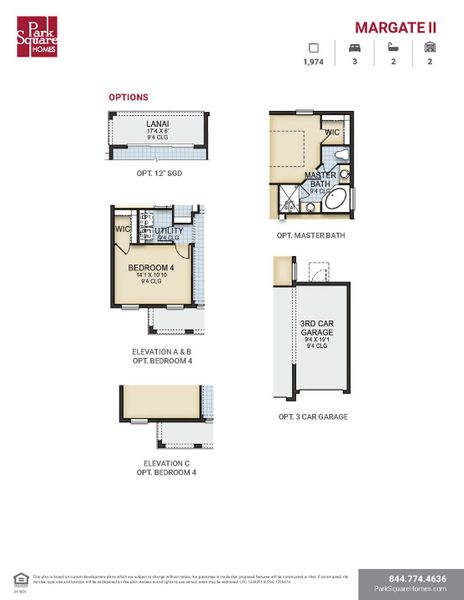 2D floor plan layout for the Margate II by Park Square Residential in Leela Reserve, Tavares, FL (Image 4). 2D floor plan layout for the Margate II by Park Square Residential in Leela Reserve, Tavares, FL (Image 4).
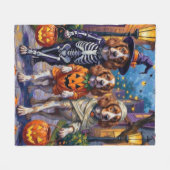 Brittany Spaniel Trick-or-Treating met Halloween Fleece Deken (Voorkant (Horizontaal))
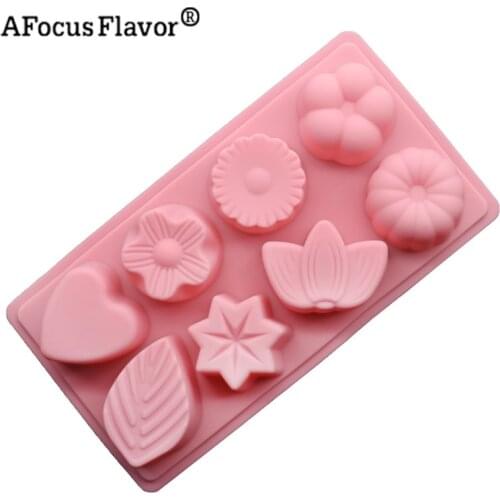 8 kinds of shapes heart-shaped flowers leaves snowflake silicone mold chocolate cake soap baking mold kitchen decoration tools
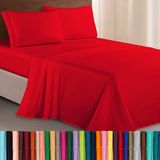 Elegant Comfort Luxe 1500 premium hotelkwaliteit microvezel drielijn geborduurd zachtste 4-delige lakenset, kreuk- en vervagingsbestendig, Queen, rood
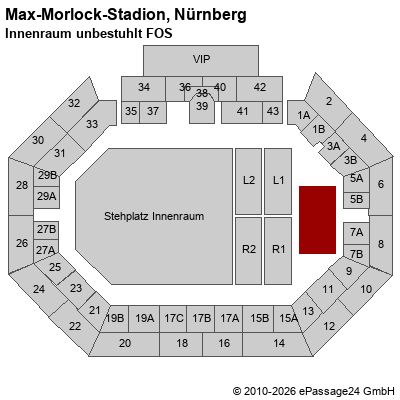 Saalplan Max-Morlock-Stadion, N&uuml;rnberg, Deutschland, Innenraum unbestuhlt FOS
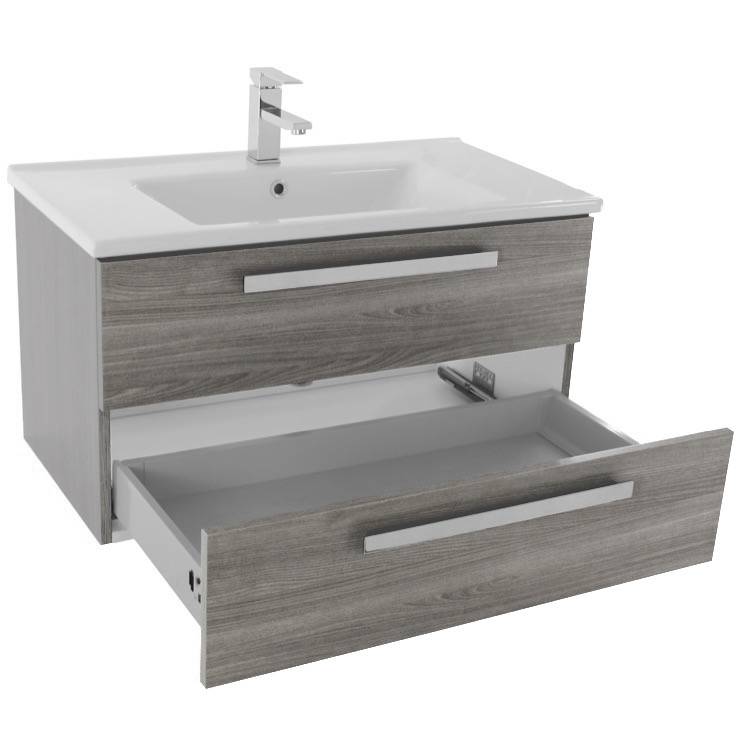 Acf Da05 Grey Walnut Bathroom Vanity, 33 Bathroom Vanity Cabinets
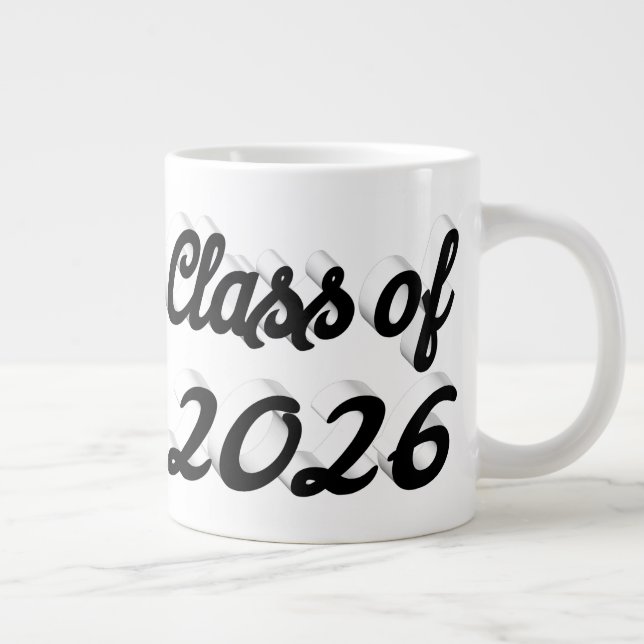 Class of 2026 black script graduation giant coffee mug (Right)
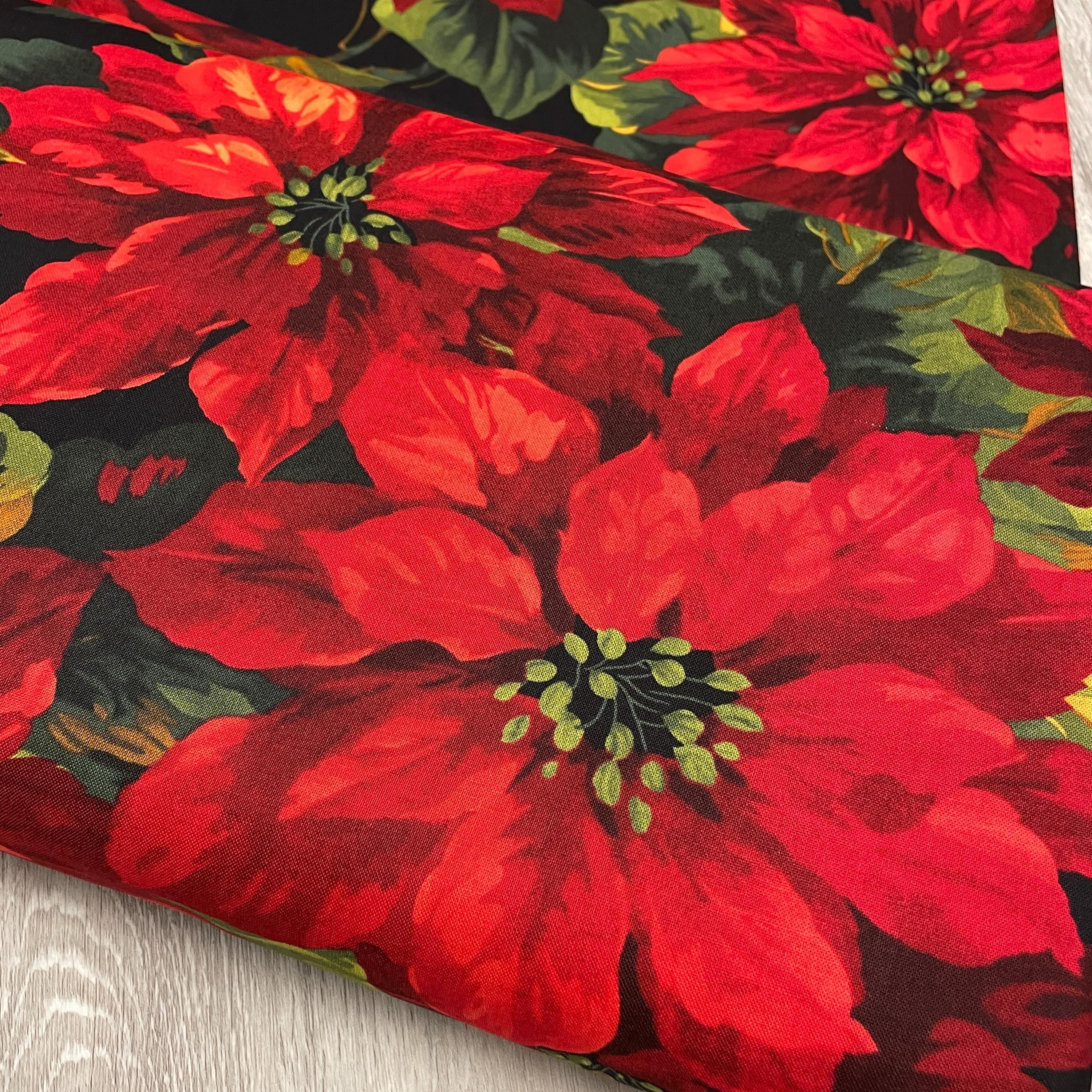 Christmas Poinsettia fabric - Michael Miller – Sew Bad It's Good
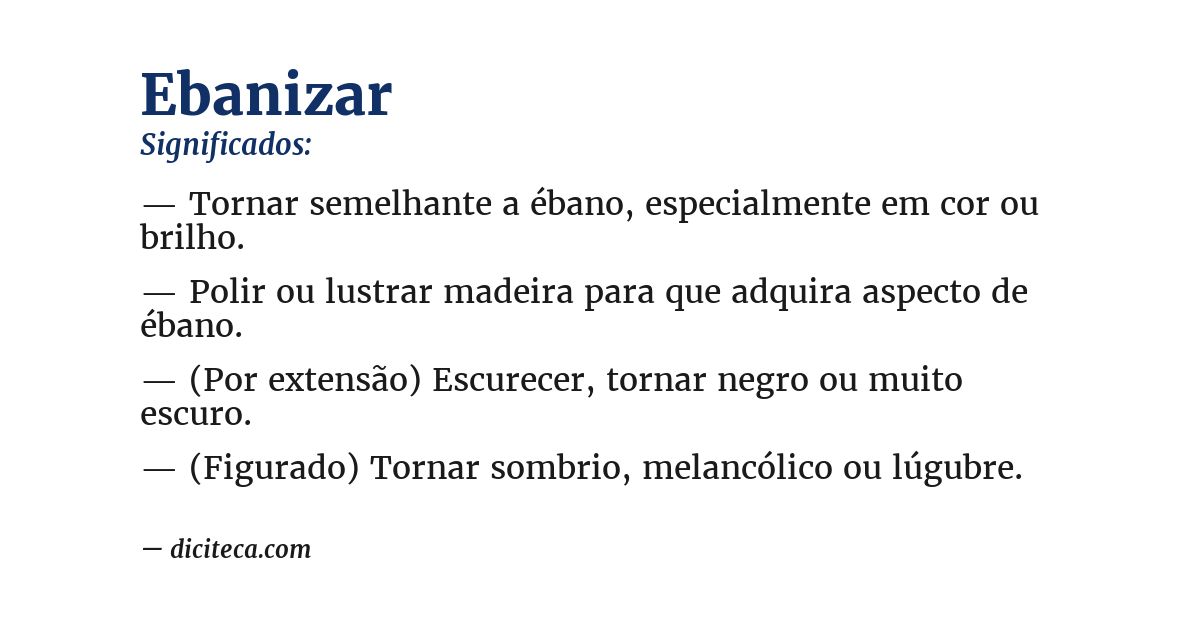 Significado de ebanizar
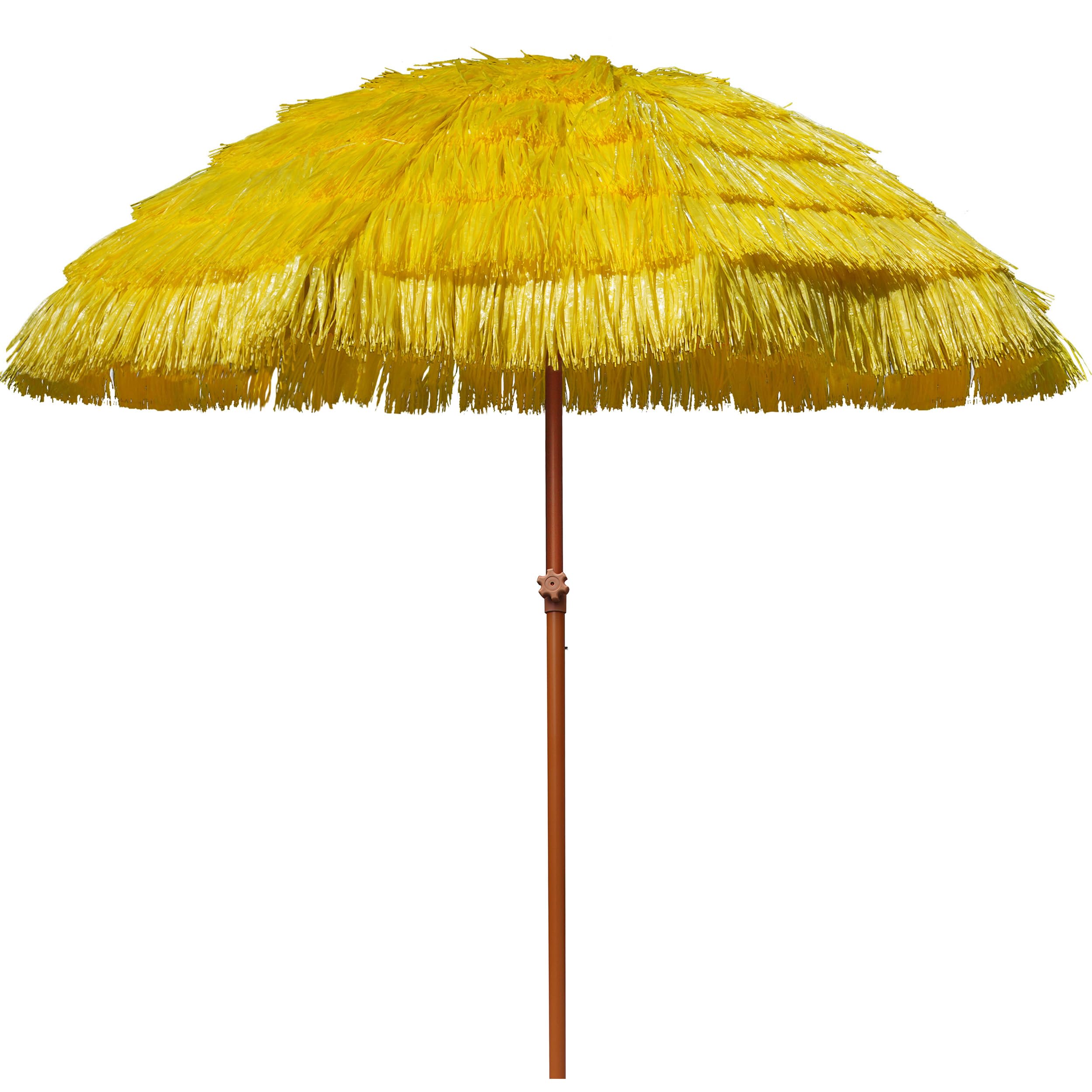 AMMSUN 7.5ft Hula Thatched Tiki Patio Beach Umbrella Hawaiian Style 10 Ribs UPF 50+ with Tilt Carry Bag for Outdoor Tiki Bar, Tropical Palapa, Patio Garden Beach Pool Backyard Yellow Image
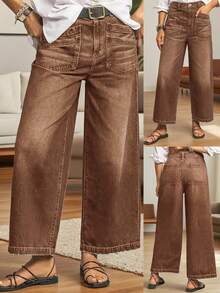 Women's Casual Elegant Wide Leg 7/8 Length Jeans, Fashionable Diamond Pockets - Mocha Brown - View 1
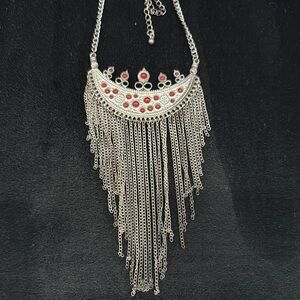 Elegant Silver and Red Fringe Necklace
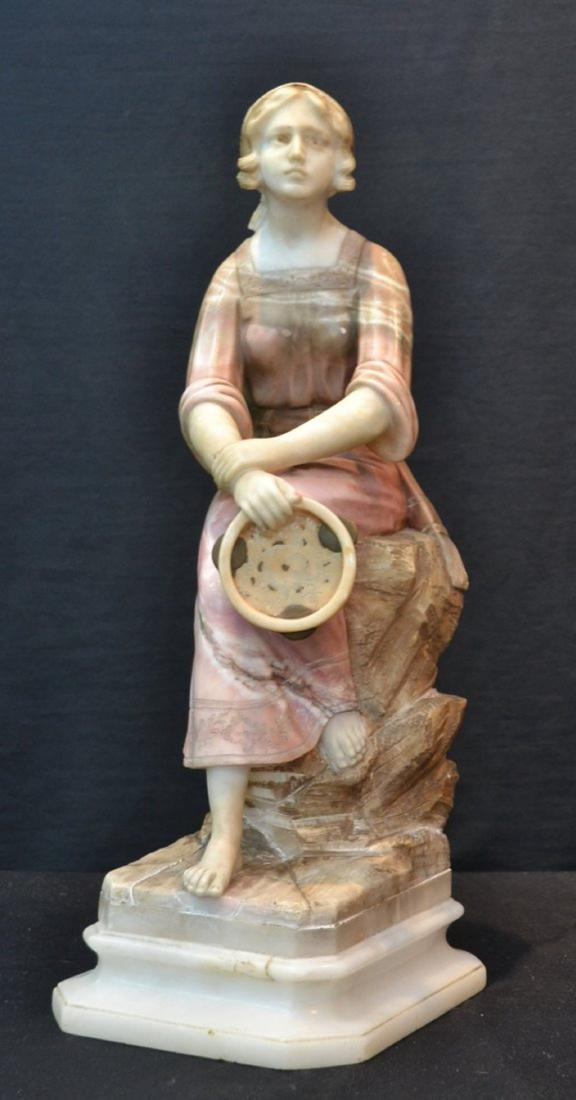 MULTI TONE ALABASTER GIRL SEATED ON ROCKS: WITH TAMBORINE ; ARTIST SIGNED GIMOLI? - 10" x 8"x 23"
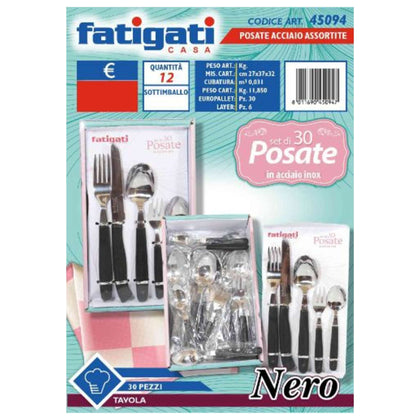 Set Posate Acciaio 30Pz Nero 45094 Fat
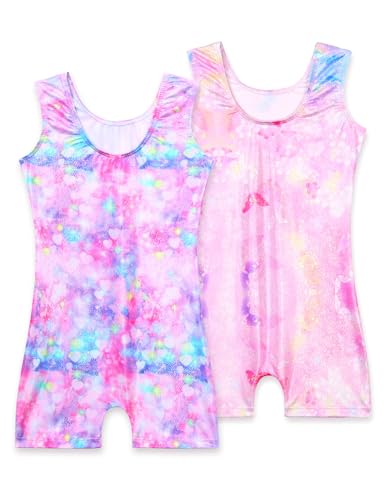 Image of 2 Pack Leotard for Girls Gymnastics Sparkly Sleeveless Unitards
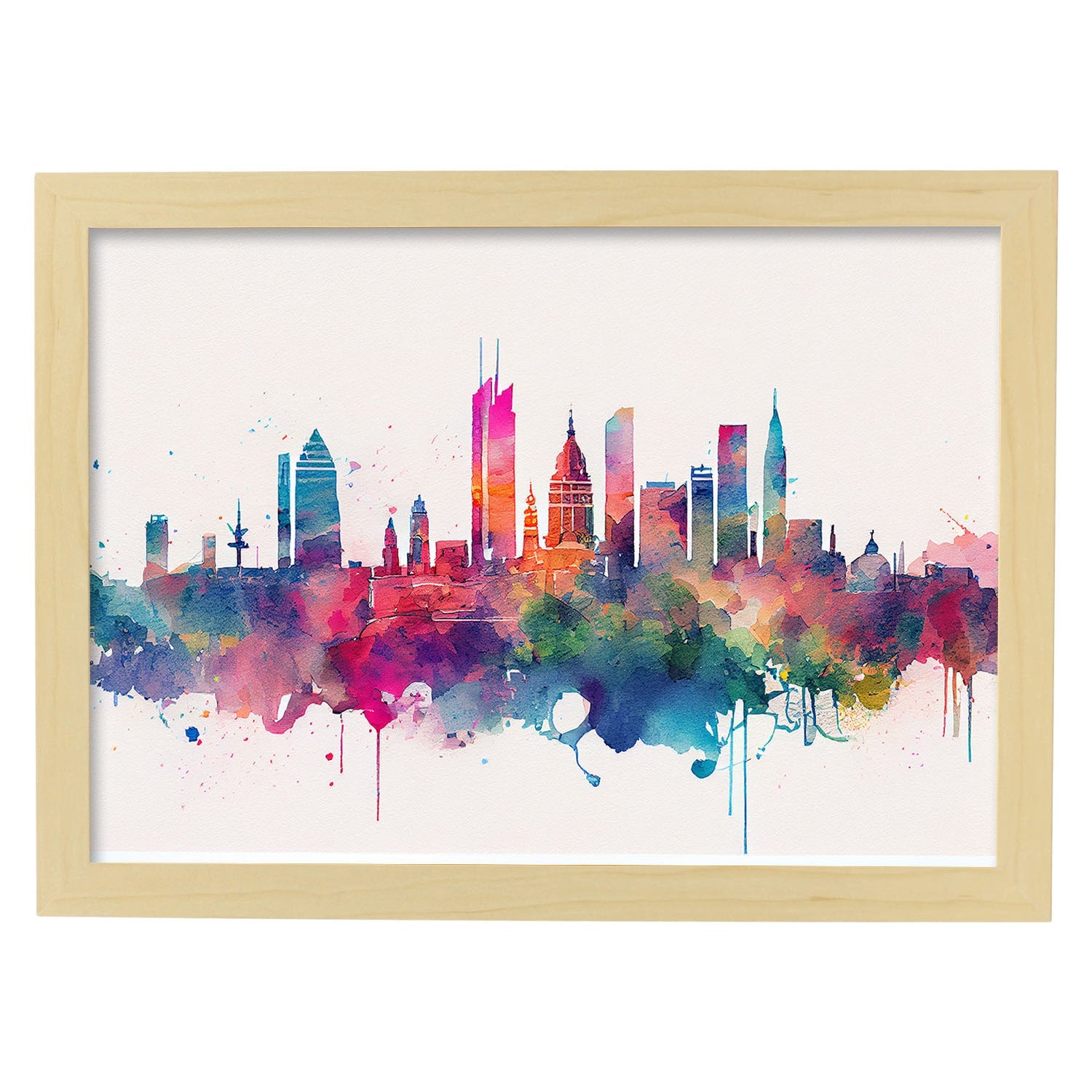 Nacnic watercolor of a skyline of the city of Mexico City. Aesthetic Wall Art Prints for Bedroom or Living Room Design.-Artwork-Nacnic-A4-Marco Madera Clara-Nacnic Estudio SL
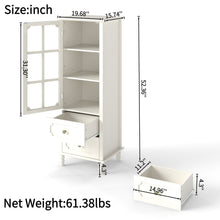 Load image into Gallery viewer, Minimalism Buffet Cabinet With Glass Doors And Double Drawer
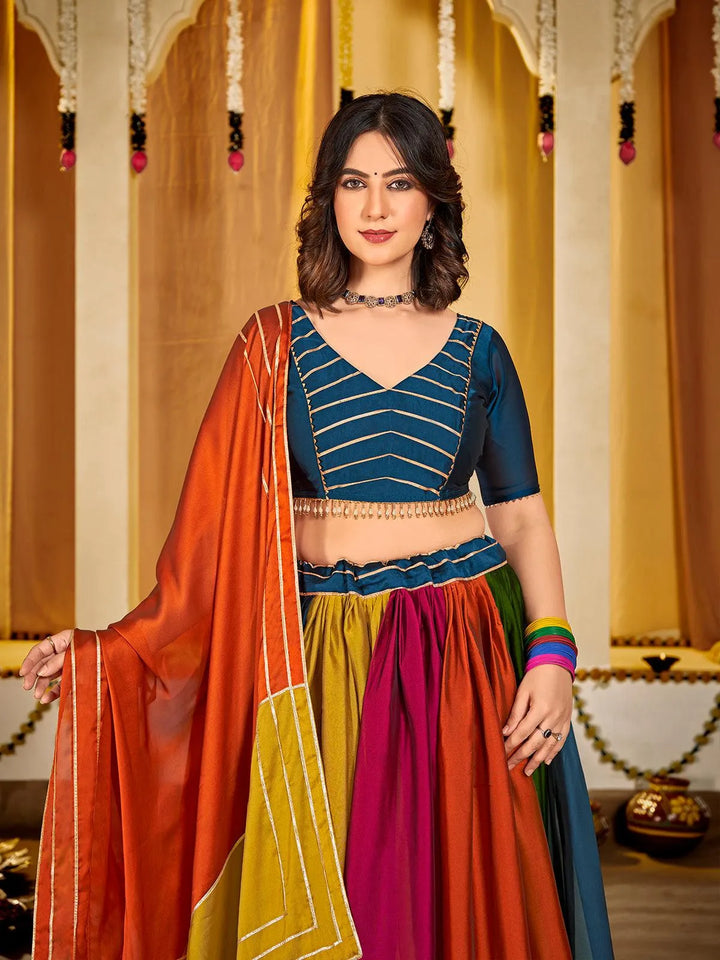 Multicolored Embroidered Lehenga Choli Set in Rangoli Silk For Navratri - VJV Now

++++++++++++++++++++

** WORK TO COMPLETE **
Without the pictures, write out the listing exactly as it appears above.

** RESULT BELOW **
 2D floor plan layout for the Margate II by Park Square Residential in Leela Reserve, Tavares, FL (Image 4). 2D floor plan layout for the Margate II by Park Square Residential in Leela Reserve, Tavares, FL (Image 4).
 Brittany Spaniel Trick-or-Treating met Halloween Fleece Deken (Voorkant (Horizontaal))
 8 kinds of shapes heart-shaped flowers leaves snowflake silicone mold chocolate cake soap baking mold kitchen decoration tools
 Elegant Comfort Luxe 1500 premium hotelkwaliteit microvezel drielijn geborduurd zachtste 4-delige lakenset, kreuk- en vervagingsbestendig, Queen, rood
 Saalplan Max-Morlock-Stadion, N&uuml;rnberg, Deutschland, Innenraum unbestuhlt FOS
 Acf Da05 Grey Walnut Bathroom Vanity, 33 Bathroom Vanity Cabinets
 Class of 2026 black script graduation giant coffee mug (Right)
 Christmas Poinsettia fabric - Michael Miller – Sew Bad It's Good
 Significado de ebanizar
 AMMSUN 7.5ft Hula Thatched Tiki Patio Beach Umbrella Hawaiian Style 10 Ribs UPF 50+ with Tilt Carry Bag for Outdoor Tiki Bar, Tropical Palapa, Patio Garden Beach Pool Backyard Yellow Image
 Women's Casual Elegant Wide Leg 7/8 Length Jeans, Fashionable Diamond Pockets - Mocha Brown - View 1
 Elegant Silver and Red Fringe Necklace
 MULTI TONE ALABASTER GIRL SEATED ON ROCKS: WITH TAMBORINE ; ARTIST SIGNED GIMOLI? - 10" x 8"x 23"
 Set Posate Acciaio 30Pz Nero 45094 Fat
 Image of 2 Pack Leotard for Girls Gymnastics Sparkly Sleeveless Unitards
 Nacnic watercolor of a skyline of the city of Mexico City. Aesthetic Wall Art Prints for Bedroom or Living Room Design.-Artwork-Nacnic-A4-Marco Madera Clara-Nacnic Estudio SL
 Load image into Gallery viewer, Minimalism Buffet Cabinet With Glass Doors And Double Drawer
 Multicolored Embroidered Lehenga Choli Set in Rangoli Silk For Navratri - VJV Now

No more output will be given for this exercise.